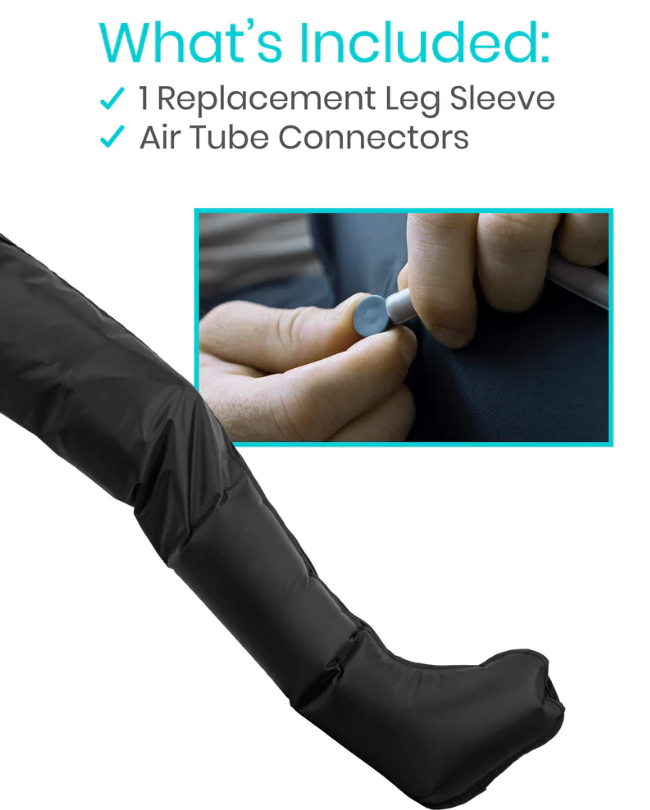 Replacement Leg Compression System Sleeves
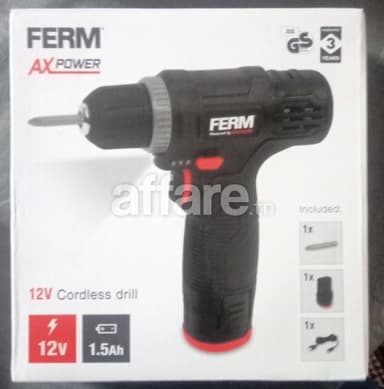 Perceuse prof sans fil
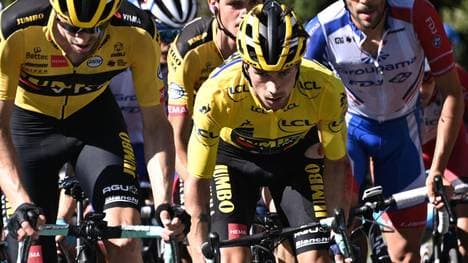 Primoz Roglic war vor seinem Ausstieg bei der Dauphiné Gesamtführender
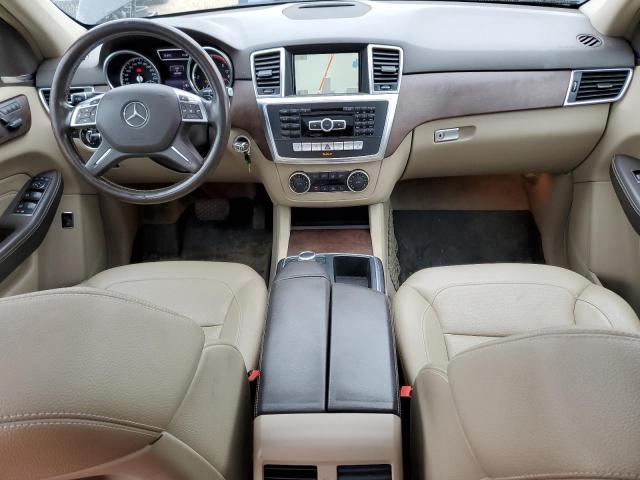 Photo 8 from auction – 2015 MERCEDES-BENZ ML 350 BLU with VIN 4JGDA2EB3FA461275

- Exercise directions
Without the pictures, print the whole listing exactly as given.

- Task solution
 Replacement Leg Compression System Sleeves
 Perceuse prof sans fil
 Primoz Roglic war vor seinem Ausstieg bei der Dauphiné Gesamtführender
 Photo 8 from auction – 2015 MERCEDES-BENZ ML 350 BLU with VIN 4JGDA2EB3FA461275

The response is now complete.